Tsukishima feels grotesquely charmed, finding the brazenness of it endearingly eccentric, even when the doctor's finger twitches in discomfort at the scrutiny. He is hasty in replacing the bandages, ignoring Tsurumi's laughter when Tsukishima duly raises his arms high overhead to ease his work.
"Need your bandages be replaced too, sir?" They are speckled in red, but each point of color is washed out, diffused as if having been soaked in some transparent liquid, and the cloth plasters to his skin thoroughly enough that Tsukishima can see a vague outline of the missing fragment of skull. It does not disturb him.

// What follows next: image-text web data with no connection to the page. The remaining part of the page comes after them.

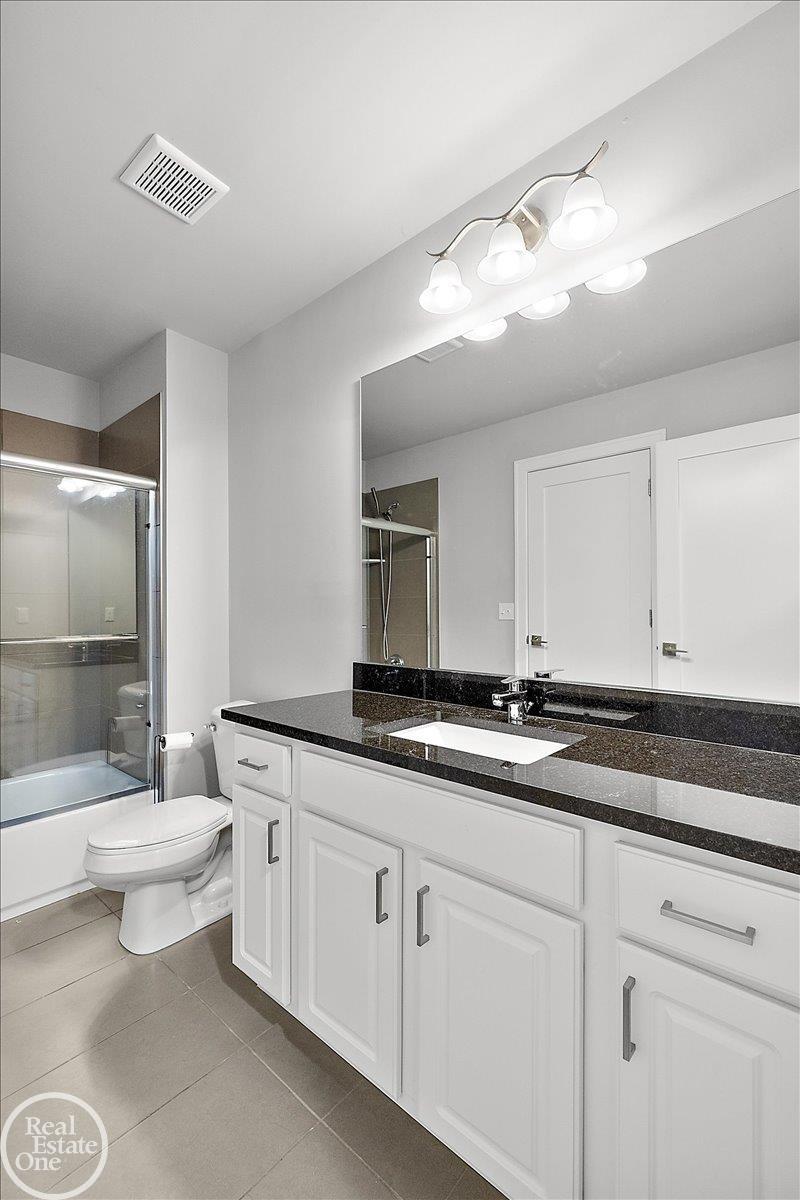 4919 Park Manor Drive Unit 7 Unit: Unit #7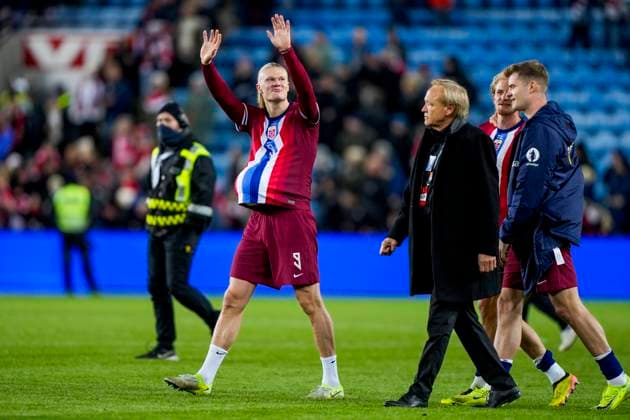 Soccer, Nations League Norway Kazakhstan Oslo, Norway 20241117 Erling Braut Haaland after the football match in the national league between Norway and Kazakhstan at Ullevaal Stadium Photo Fredrik Varfjell NTB Oslo Norway EDITORIAL USE ONLY RESTRICTED USE FOR BETTING COMPANIES  Copyright: xFredrikxVarfjellx xNTBx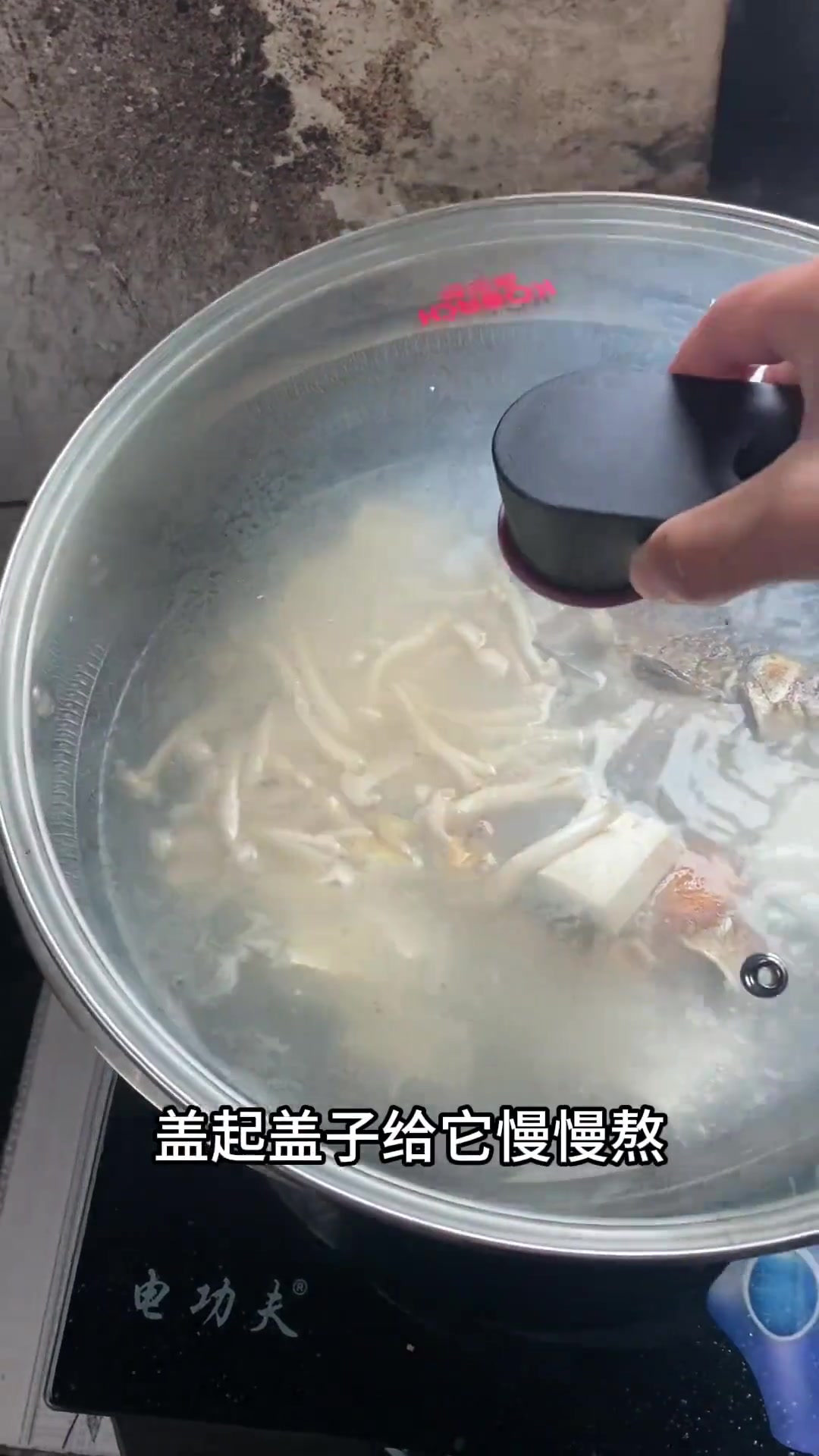 升白的鲫鱼豆腐汤,营养丰富又好喝,春天小孩多喝也长高!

"Would you like to watch?" Tsurumi smiles. The doctor busies himself with washing his hands, perhaps a degree more thoroughly than their situation can afford. Tsukishima, for all his lack of disgust, instead feels a horrible pang of pity resounding against his ribs with a hearty tap. Not for Tsurumi; for himself. Unexpectedly, he cannot stand the sight of his failure, his failure bleeding and throbbing in reds and pinks and yellows at the thin slice of skin that's bordered by fat.
He does not know how to say no, however.
"I must be able to concentrate, second lieutenant." The doctor blinks, eyes still low-lidded when he glances to Tsukishima, who cannot help but flush--in gratefulness, in shame, in shame for his gratefulness.
"Ah, haha! Can't have you scrambling my brains any further, I suppose!" Tsurumi laughs, flapping a jovial hand in Tsukishima's direction. He takes the dismissal with a polite nod.
Yet, ever diligent, for all his resistance to the strange pity, Tsukishima is sure to thank the doctor.